Supplied entries:
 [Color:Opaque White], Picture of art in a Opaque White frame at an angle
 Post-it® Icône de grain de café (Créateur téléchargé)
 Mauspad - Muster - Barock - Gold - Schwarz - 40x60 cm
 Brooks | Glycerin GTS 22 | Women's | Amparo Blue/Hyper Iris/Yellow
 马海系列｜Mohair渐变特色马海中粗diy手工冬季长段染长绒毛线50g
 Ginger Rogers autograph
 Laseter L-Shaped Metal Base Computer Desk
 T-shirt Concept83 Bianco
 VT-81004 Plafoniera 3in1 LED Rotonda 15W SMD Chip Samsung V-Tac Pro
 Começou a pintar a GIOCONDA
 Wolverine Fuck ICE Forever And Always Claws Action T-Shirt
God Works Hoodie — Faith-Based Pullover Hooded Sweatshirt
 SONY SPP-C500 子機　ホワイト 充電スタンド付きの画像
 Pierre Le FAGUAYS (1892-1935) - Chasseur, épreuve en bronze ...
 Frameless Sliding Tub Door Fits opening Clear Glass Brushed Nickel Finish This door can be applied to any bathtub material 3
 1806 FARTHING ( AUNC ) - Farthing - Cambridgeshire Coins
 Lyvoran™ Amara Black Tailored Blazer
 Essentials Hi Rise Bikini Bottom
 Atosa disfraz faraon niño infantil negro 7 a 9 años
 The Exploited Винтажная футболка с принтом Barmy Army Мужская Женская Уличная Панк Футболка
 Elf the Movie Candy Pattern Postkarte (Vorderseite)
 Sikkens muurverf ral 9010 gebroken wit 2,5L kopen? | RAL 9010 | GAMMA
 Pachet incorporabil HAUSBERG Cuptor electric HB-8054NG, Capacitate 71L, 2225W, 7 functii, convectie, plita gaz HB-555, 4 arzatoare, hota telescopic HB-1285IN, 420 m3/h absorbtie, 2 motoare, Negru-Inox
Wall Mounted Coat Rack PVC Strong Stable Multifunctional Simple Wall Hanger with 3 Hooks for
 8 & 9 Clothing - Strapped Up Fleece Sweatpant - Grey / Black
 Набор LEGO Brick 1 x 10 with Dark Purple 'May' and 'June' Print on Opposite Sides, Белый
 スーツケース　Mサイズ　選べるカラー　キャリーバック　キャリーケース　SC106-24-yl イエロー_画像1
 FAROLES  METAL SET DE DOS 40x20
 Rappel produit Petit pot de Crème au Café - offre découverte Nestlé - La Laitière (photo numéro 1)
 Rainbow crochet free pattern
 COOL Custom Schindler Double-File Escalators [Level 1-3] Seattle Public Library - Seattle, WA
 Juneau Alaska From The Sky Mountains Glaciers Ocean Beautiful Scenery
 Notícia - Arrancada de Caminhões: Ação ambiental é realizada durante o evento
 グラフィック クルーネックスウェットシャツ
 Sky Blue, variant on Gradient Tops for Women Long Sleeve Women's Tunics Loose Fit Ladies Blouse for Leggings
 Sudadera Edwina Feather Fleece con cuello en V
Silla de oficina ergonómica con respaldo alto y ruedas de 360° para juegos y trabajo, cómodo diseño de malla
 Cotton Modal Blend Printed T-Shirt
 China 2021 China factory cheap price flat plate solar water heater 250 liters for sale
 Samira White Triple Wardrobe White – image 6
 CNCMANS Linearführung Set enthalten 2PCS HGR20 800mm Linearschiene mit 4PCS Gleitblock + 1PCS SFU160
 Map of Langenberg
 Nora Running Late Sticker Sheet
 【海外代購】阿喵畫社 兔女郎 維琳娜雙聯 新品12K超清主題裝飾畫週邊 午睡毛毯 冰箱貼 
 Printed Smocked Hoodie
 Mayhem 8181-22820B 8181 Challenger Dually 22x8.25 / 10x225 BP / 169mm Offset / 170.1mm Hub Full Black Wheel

To do: The full listing is to be printed again exactly as it stands.

Task result:
 [Color:Opaque White], Picture of art in a Opaque White frame at an angle
 Post-it® Icône de grain de café (Créateur téléchargé)
 Mauspad - Muster - Barock - Gold - Schwarz - 40x60 cm
 Brooks | Glycerin GTS 22 | Women's | Amparo Blue/Hyper Iris/Yellow
 马海系列｜Mohair渐变特色马海中粗diy手工冬季长段染长绒毛线50g
 Ginger Rogers autograph
 Laseter L-Shaped Metal Base Computer Desk
 T-shirt Concept83 Bianco
 VT-81004 Plafoniera 3in1 LED Rotonda 15W SMD Chip Samsung V-Tac Pro
 Começou a pintar a GIOCONDA
 Wolverine Fuck ICE Forever And Always Claws Action T-Shirt
God Works Hoodie — Faith-Based Pullover Hooded Sweatshirt
 SONY SPP-C500 子機　ホワイト 充電スタンド付きの画像
 Pierre Le FAGUAYS (1892-1935) - Chasseur, épreuve en bronze ...
 Frameless Sliding Tub Door Fits opening Clear Glass Brushed Nickel Finish This door can be applied to any bathtub material 3
 1806 FARTHING ( AUNC ) - Farthing - Cambridgeshire Coins
 Lyvoran™ Amara Black Tailored Blazer
 Essentials Hi Rise Bikini Bottom
 Atosa disfraz faraon niño infantil negro 7 a 9 años
 The Exploited Винтажная футболка с принтом Barmy Army Мужская Женская Уличная Панк Футболка
 Elf the Movie Candy Pattern Postkarte (Vorderseite)
 Sikkens muurverf ral 9010 gebroken wit 2,5L kopen? | RAL 9010 | GAMMA
 Pachet incorporabil HAUSBERG Cuptor electric HB-8054NG, Capacitate 71L, 2225W, 7 functii, convectie, plita gaz HB-555, 4 arzatoare, hota telescopic HB-1285IN, 420 m3/h absorbtie, 2 motoare, Negru-Inox
Wall Mounted Coat Rack PVC Strong Stable Multifunctional Simple Wall Hanger with 3 Hooks for
 8 & 9 Clothing - Strapped Up Fleece Sweatpant - Grey / Black
 Набор LEGO Brick 1 x 10 with Dark Purple 'May' and 'June' Print on Opposite Sides, Белый
 スーツケース　Mサイズ　選べるカラー　キャリーバック　キャリーケース　SC106-24-yl イエロー_画像1
 FAROLES  METAL SET DE DOS 40x20
 Rappel produit Petit pot de Crème au Café - offre découverte Nestlé - La Laitière (photo numéro 1)
 Rainbow crochet free pattern
 COOL Custom Schindler Double-File Escalators [Level 1-3] Seattle Public Library - Seattle, WA
 Juneau Alaska From The Sky Mountains Glaciers Ocean Beautiful Scenery
 Notícia - Arrancada de Caminhões: Ação ambiental é realizada durante o evento
 グラフィック クルーネックスウェットシャツ
 Sky Blue, variant on Gradient Tops for Women Long Sleeve Women's Tunics Loose Fit Ladies Blouse for Leggings
 Sudadera Edwina Feather Fleece con cuello en V
Silla de oficina ergonómica con respaldo alto y ruedas de 360° para juegos y trabajo, cómodo diseño de malla
 Cotton Modal Blend Printed T-Shirt
 China 2021 China factory cheap price flat plate solar water heater 250 liters for sale
 Samira White Triple Wardrobe White – image 6
 CNCMANS Linearführung Set enthalten 2PCS HGR20 800mm Linearschiene mit 4PCS Gleitblock + 1PCS SFU160
 Map of Langenberg
 Nora Running Late Sticker Sheet
 【海外代購】阿喵畫社 兔女郎 維琳娜雙聯 新品12K超清主題裝飾畫週邊 午睡毛毯 冰箱貼 
 Printed Smocked Hoodie
 Mayhem 8181-22820B 8181 Challenger Dually 22x8.25 / 10x225 BP / 169mm Offset / 170.1mm Hub Full Black Wheel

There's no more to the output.